I don't think our internal seach box scans image alts but Google does scan image alts along with the physical text in a website. For example, I can find the image with the just the alt for one of the images in the page you mentioned:
But its bad practice to just place keywords inside image alts. Image alts are supposed to be a a description of the image itself. It would be better if we updated our image alts to be actual descriptions of the images, including the keywords inside the alt descriptions.
cc @iterative/websites
Hmmm yeah maybe it's not that hard to find them, on search engines at least. Did you try image search @jendefig ?
It may be possible to run an OCR on the images and associate the images with the words found on them. It's a fairly straightforward process. It can even be an example project for pipelines, e.g. searching a set of images on S3 by the words found on them. We can run this time to time to classify the images we have.
Hmmm yeah maybe it's not that hard to find them, on search engines at least. Did you try image search @jendefig ?
If this is the case for all that's good, then it just needs to become properly searchable within our own website. But is it possible to work to showing up with this search? (ie not including DVC, I've heard several community members say they found our site because they googled what they were looking for - not through some other word of mouth). Would be great if images could be found in that way too?
What shows up when you click on images from same search
needs to become properly searchable within our own website
Renamed and relabeled the issue then. I'm not sure how to best approach that. It's a technical question for @iterative/websites, I think.
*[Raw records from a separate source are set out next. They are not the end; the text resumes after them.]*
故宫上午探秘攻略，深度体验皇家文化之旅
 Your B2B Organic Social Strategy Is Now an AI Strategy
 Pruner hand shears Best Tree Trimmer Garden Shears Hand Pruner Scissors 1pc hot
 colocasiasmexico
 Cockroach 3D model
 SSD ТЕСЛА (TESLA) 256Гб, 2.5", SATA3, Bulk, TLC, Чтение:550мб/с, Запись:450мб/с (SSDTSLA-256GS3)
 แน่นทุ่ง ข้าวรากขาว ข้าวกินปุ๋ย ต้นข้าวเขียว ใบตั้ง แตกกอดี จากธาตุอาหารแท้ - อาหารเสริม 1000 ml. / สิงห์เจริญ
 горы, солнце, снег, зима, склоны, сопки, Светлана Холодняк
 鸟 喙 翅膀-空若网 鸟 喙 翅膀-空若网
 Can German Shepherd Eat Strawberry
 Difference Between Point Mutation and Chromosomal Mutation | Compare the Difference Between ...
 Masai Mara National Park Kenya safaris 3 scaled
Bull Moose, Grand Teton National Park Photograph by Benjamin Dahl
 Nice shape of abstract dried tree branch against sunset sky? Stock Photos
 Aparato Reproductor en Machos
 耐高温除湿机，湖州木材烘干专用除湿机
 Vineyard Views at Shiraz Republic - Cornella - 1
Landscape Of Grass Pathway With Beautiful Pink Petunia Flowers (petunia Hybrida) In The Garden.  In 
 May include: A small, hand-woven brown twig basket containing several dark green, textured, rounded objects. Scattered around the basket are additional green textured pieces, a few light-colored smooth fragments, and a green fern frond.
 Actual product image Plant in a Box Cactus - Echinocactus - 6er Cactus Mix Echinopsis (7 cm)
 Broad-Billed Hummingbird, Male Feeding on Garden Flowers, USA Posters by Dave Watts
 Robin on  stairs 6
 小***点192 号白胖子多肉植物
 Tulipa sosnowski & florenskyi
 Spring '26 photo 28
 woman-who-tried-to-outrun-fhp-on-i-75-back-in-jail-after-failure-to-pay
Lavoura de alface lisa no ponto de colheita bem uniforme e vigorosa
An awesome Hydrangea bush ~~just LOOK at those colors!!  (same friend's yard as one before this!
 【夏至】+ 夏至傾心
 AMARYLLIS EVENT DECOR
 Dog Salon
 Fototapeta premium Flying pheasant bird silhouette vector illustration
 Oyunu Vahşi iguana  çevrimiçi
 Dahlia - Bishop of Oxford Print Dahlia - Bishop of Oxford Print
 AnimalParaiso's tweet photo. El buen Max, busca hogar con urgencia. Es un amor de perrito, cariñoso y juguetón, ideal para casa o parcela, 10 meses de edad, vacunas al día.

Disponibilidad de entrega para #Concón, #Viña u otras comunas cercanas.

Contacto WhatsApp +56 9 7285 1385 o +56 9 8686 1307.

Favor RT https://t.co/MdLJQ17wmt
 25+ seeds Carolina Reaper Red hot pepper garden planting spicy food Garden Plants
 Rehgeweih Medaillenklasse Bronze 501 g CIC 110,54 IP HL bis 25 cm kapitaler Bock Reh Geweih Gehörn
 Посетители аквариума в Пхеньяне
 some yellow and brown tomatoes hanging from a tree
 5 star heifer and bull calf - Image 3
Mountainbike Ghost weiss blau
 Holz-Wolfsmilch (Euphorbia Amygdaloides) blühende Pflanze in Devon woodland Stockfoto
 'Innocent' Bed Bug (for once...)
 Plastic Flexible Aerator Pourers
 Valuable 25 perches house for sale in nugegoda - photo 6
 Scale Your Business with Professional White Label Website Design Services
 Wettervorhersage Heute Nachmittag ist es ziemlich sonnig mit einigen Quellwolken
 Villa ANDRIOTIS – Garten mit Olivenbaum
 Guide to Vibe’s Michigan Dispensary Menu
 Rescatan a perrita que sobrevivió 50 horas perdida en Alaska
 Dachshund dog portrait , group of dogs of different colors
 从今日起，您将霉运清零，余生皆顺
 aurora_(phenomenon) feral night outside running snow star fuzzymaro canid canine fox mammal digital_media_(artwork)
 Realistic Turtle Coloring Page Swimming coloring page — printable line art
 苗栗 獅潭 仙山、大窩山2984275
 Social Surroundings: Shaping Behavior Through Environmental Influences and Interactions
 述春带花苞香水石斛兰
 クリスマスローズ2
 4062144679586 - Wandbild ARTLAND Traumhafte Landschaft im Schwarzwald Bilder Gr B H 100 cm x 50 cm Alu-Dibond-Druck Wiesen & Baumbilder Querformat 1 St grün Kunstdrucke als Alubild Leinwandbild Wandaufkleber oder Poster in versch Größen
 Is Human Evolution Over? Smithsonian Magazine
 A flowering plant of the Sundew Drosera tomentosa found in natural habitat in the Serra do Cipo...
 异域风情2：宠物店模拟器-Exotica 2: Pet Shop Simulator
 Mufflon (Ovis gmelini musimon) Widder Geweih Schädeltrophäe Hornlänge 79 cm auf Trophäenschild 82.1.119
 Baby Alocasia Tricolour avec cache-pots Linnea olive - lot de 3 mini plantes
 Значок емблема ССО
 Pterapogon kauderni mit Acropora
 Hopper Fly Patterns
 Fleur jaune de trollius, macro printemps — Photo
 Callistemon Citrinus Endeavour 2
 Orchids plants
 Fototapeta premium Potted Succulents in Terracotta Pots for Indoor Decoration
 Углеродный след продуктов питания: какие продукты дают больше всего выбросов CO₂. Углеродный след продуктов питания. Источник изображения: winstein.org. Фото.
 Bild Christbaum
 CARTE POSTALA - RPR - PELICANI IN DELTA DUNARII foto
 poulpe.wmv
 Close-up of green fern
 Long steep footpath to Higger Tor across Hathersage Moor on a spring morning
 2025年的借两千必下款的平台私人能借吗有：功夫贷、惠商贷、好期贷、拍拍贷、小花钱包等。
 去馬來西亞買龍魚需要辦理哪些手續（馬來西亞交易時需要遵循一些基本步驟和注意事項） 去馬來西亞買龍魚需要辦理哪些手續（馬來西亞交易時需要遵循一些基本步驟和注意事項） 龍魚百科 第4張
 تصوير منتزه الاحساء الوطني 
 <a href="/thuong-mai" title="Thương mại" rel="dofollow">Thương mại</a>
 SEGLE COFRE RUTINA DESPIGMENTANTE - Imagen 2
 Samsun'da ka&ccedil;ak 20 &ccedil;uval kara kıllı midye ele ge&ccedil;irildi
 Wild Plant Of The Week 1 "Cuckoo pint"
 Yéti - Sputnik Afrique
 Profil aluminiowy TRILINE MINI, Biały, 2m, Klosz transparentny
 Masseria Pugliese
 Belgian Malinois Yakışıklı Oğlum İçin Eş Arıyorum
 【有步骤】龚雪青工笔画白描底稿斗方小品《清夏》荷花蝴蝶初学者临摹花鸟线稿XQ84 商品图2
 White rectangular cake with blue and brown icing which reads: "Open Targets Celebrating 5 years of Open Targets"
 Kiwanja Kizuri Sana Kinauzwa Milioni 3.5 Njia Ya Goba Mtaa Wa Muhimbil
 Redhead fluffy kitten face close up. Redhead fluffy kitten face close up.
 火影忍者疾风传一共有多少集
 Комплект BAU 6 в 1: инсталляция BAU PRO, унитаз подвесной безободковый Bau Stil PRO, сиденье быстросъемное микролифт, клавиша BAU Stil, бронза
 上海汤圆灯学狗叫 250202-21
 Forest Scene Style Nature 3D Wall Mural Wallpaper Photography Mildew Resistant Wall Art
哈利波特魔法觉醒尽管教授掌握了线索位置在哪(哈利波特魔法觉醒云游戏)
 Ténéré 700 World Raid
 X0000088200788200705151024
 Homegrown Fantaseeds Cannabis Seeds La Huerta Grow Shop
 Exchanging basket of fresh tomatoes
is it possible to work to showing up with this search
Yes but it seems difficult, "machine learning storage layers" is a broad idea and the Internet is a huge place. A SEO specialist could come up with a strategy but Idk if it's worth the investment. Or in theory once DVC grows a lot more and our site becomes an even more authoritative source, we'll naturally start to rank on that search. Maybe we do already but not in the first page (you can find our with https://search.google.com/search-console 🙂
is it possible to work to showing up with this search Yes but it seems difficult
p.s. there are basic improvements we can try like making sure the phrase or at least its key words are part of the text in that page (it's missing "storage layers", actually).
you can find our with https://search.google.com/search-console
I checked and we do not rank on that query ATM.